During acoustical characterizations involving at least three parameters, some basic checking may be made to test the consistency of the results. Although all parameters used in a particular model should be independant in general cases, some inequalities or ranges of magnitude order should be verified.
By definition, the characteristic viscous length should be lower or equal to the thermal characteristic length:
| $\Lambda \leq \Lambda'$ | (1) |
for fibrous or felts it is usually admitted that the static air-flow resistivity increases with mass density [Tar96]
For fibrous materials (which can be considered as parallel identical cylinders), numerous characterizations have shown that the values of the high frequency limit of the tortuosity (in directions perpendicular to the fiber plane) and the open porosity are approximately related by the equation:
| $\alpha_{\infty} \simeq 1+(1-\phi)$ | (2) |
[Berryman ? - Need to be confirmed] [TPLJ04]
In addition, one can check the value of
- the viscous pore shape factor $M$ for models based on Johnson-Champoux-Allard works
- the thermal pore shape factor $M'$ for models based on Johnson-Champoux-Allard-Lafarge works
The pore shape factors $M$ and $M'$ should have orders of magnitude of the order of 1 to 10 for usual acoustical porous materials.

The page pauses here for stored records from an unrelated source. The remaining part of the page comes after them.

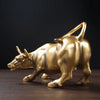 A golden sculpture of a ram in motion on a dark wooden surface.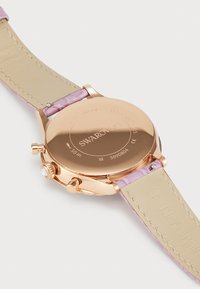 Orologio in acciaio inox rosa oro con cinturino in satin rosa. Presenta una cassa rotonda, retro inciso e tre pulsanti laterali per la funzionalità.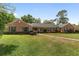 Charming brick home features green shutters, a well-manicured lawn, and inviting curb appeal at 1866 Ne 39Th Ct, Ocala, FL 34470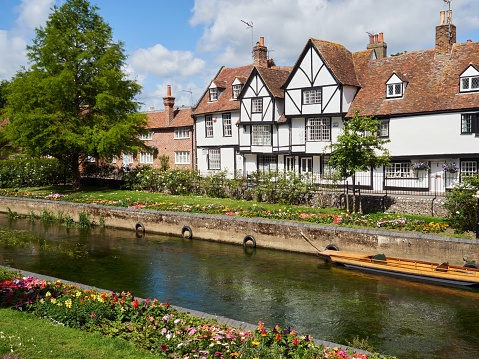Beautiful view of Canterbury in a sunny day with the Stour river and traditional buildings. Canterbury, Kent, England, UK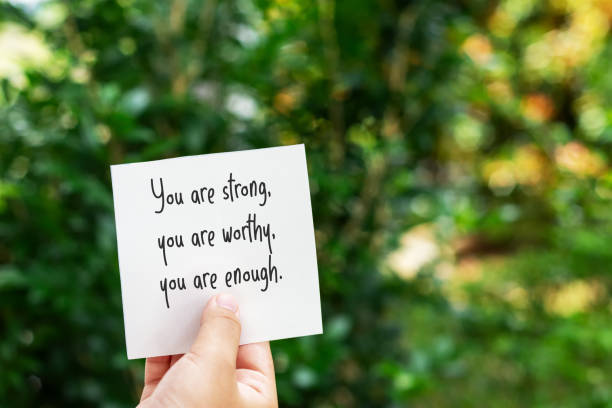 A hand holds a white note that reads “You are strong, you are worthy, you are enough,” symbolizing encouragement and the power of daily affirmations for self worth.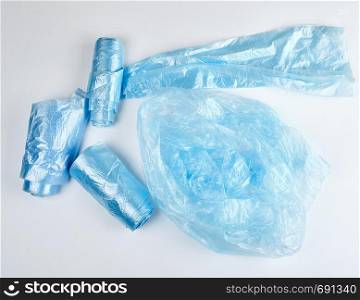 blue plastic bags for garbage on a white background, top view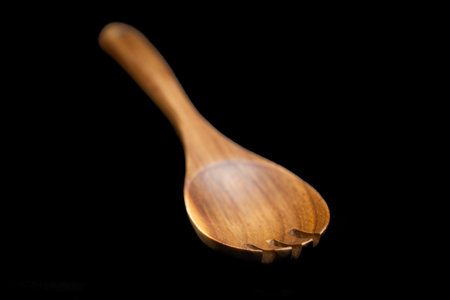 wooden kitchen spatulas on a black backgroundの写真素材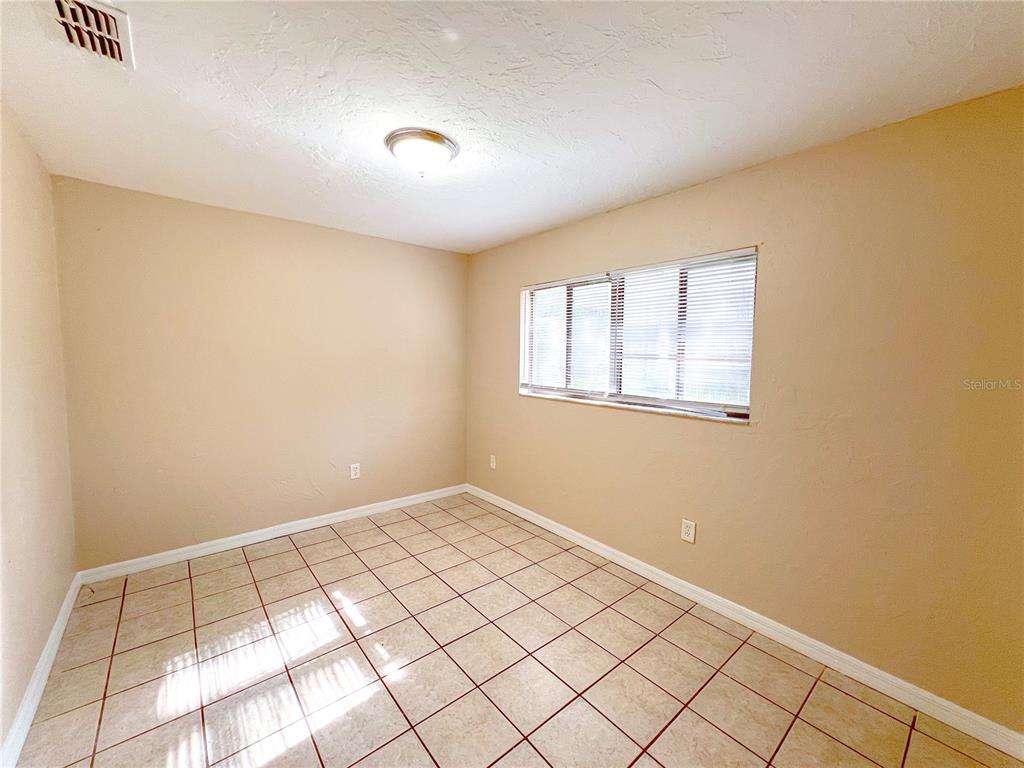 An empty room with beige walls, white trim, and light-colored tiled flooring — 703 SW 69TH TERRACE UNIT B, GAINESVILLE, FL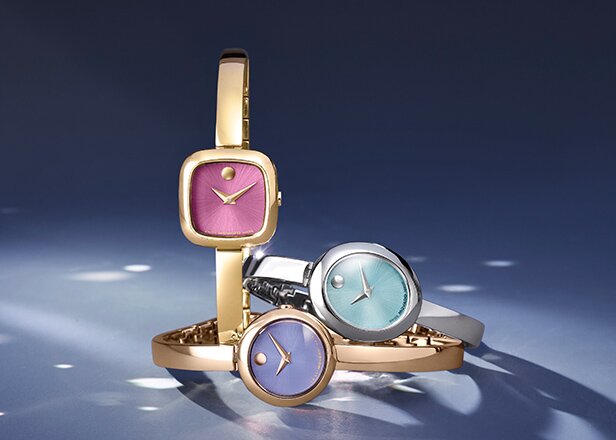 Museum Bangle watches in gold tone with pink dial, rose gold tone with purple dial and silver with blue dial.
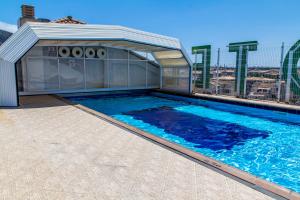 a swimming pool on the roof of a building at KAKTUS Hotel Kaktus Albir in Albir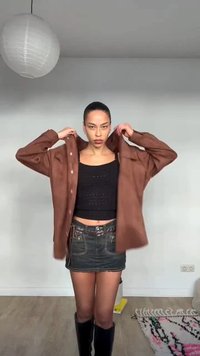 Ženska z zada zvezanimi lasmi nosi rjav flis preko črnega kratkega topa, črno denim mini krilo in črne škornje do kolen v zaprtih prostorih.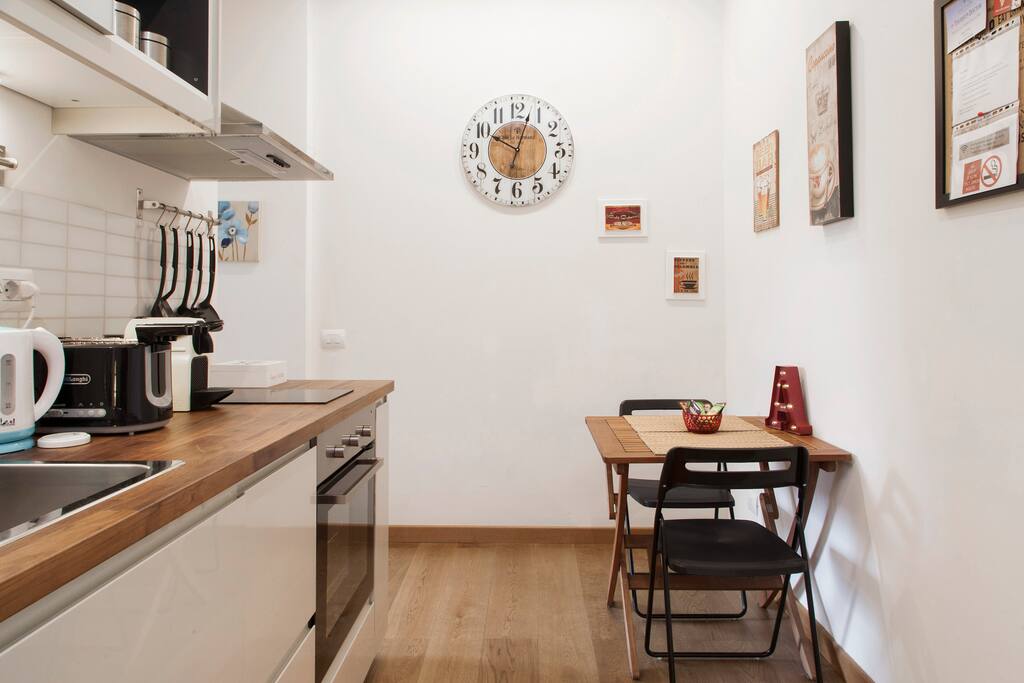 The equipped Kitchen & The dining table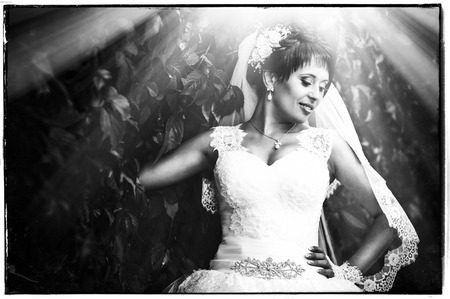 portrait of beautiful young bride holding bright bouquet of flowers in hands. wedding celebration. reception. nature green background. woman alone outdoors in park.の写真素材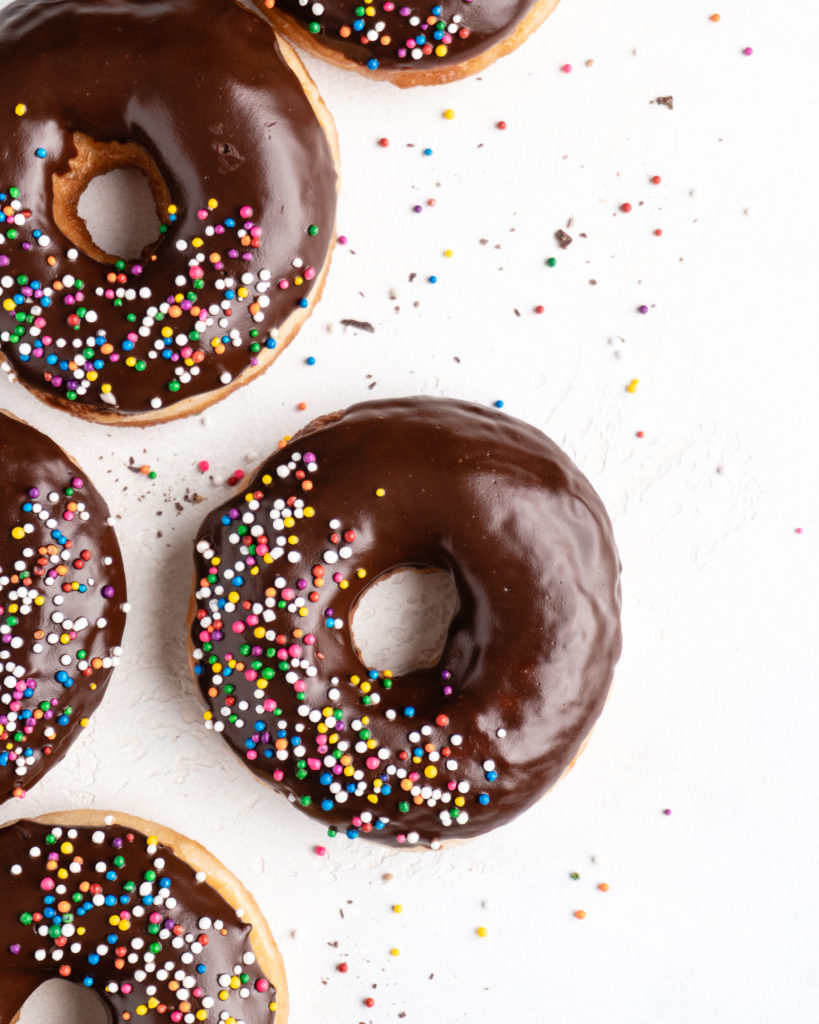 Fluffy golden fried yeast donuts are glazed with a shiny chocolate glaze and colorful round sprinkles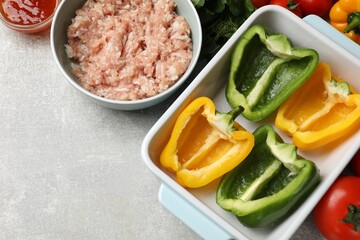 Making stuffed peppers. Vegetables and ground meat on grey table, flat lay. Space for text
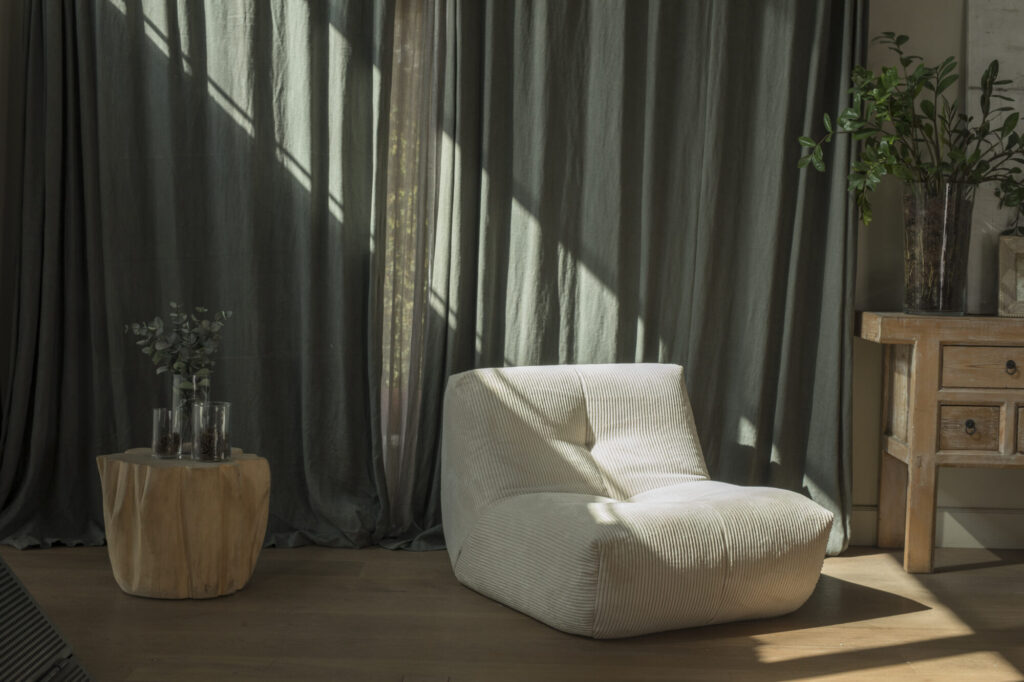 Une pièce ensoleillée présente la chaise longue Cozy S - 1 place blanc doux et une petite table d'appoint en bois avec des vases, placée près d'une fenêtre avec des rideaux verts et des plantes d'intérieur.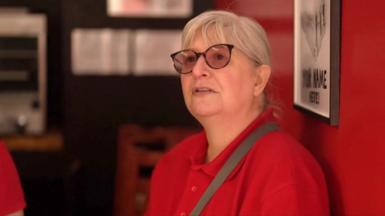A woman wearing a red top answers questions inside a shop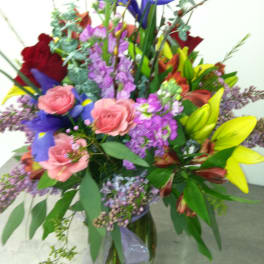 Mixed bouquet of pink roses, purple blooms, yellow lilies, and red flowers in a clear glass vase with ribbon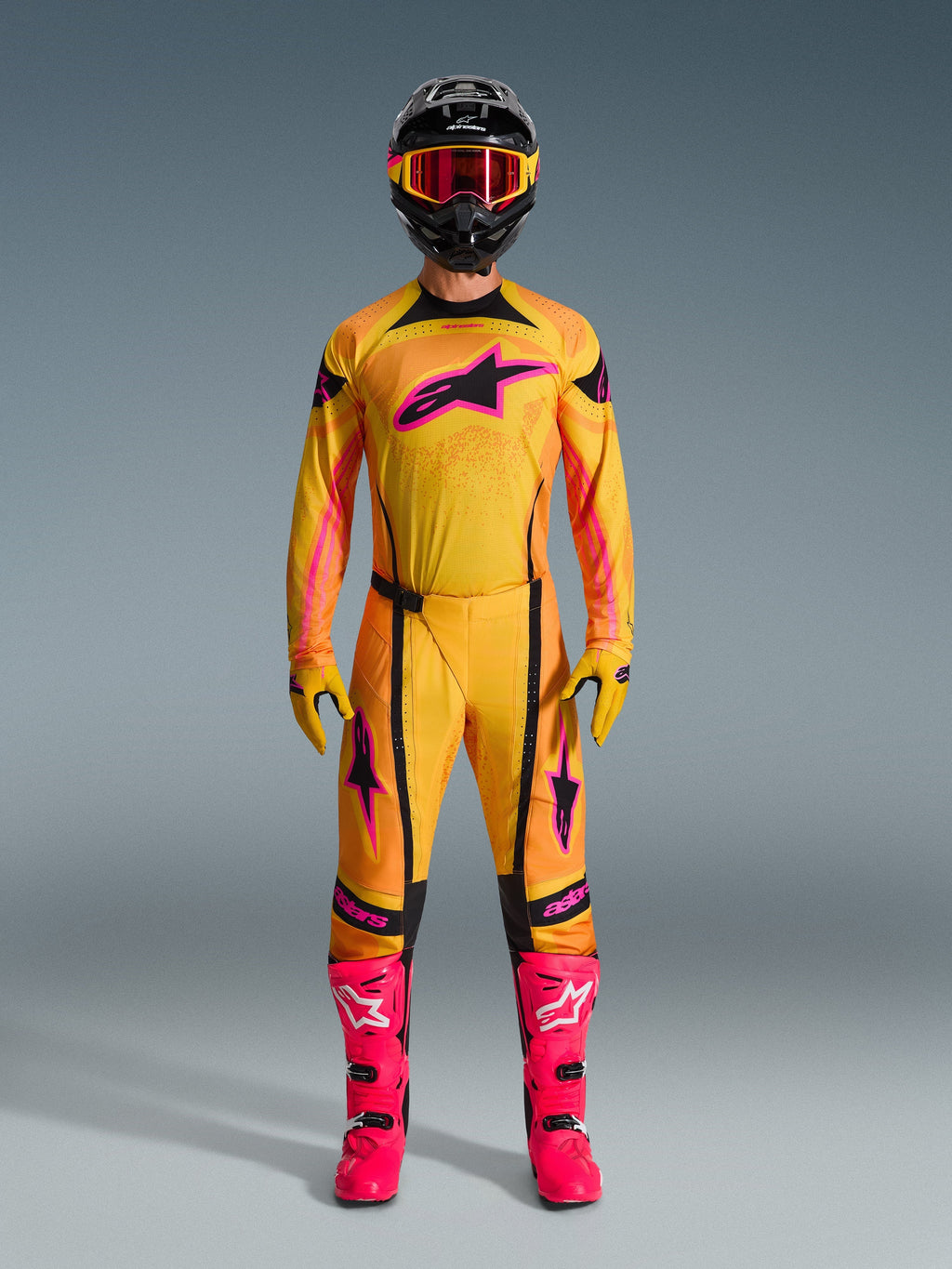 Pilote de motocross portant une tenue complète Alpinestars Techstar Nomur 2026, maillot et pantalon orange, jaune et rose, gants assortis jaune et rose, bottes de course rose vif, et casque noir avec lunettes roses, ensemble de motocross haute performance coordonné.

| $M = \displaystyle{\frac{8\alpha_{\infty}\eta}{\sigma\phi\Lambda^{2}}}$ | (3) |
| $M' = \displaystyle{\frac{8k'_{0}}{\phi\Lambda'^{2}}}$ | (4) |
Check consistency of your parameter values
References
[Tar96] Tarnow V.,
Airflow resistivity of models of fibrous acoustic materials,
J. Acoust. Soc. Am. 100(6), 1996, pp. 3706-3713
[TPLJ04] Tournat V., Pagneux V., Lafarge D. and Jaouen L.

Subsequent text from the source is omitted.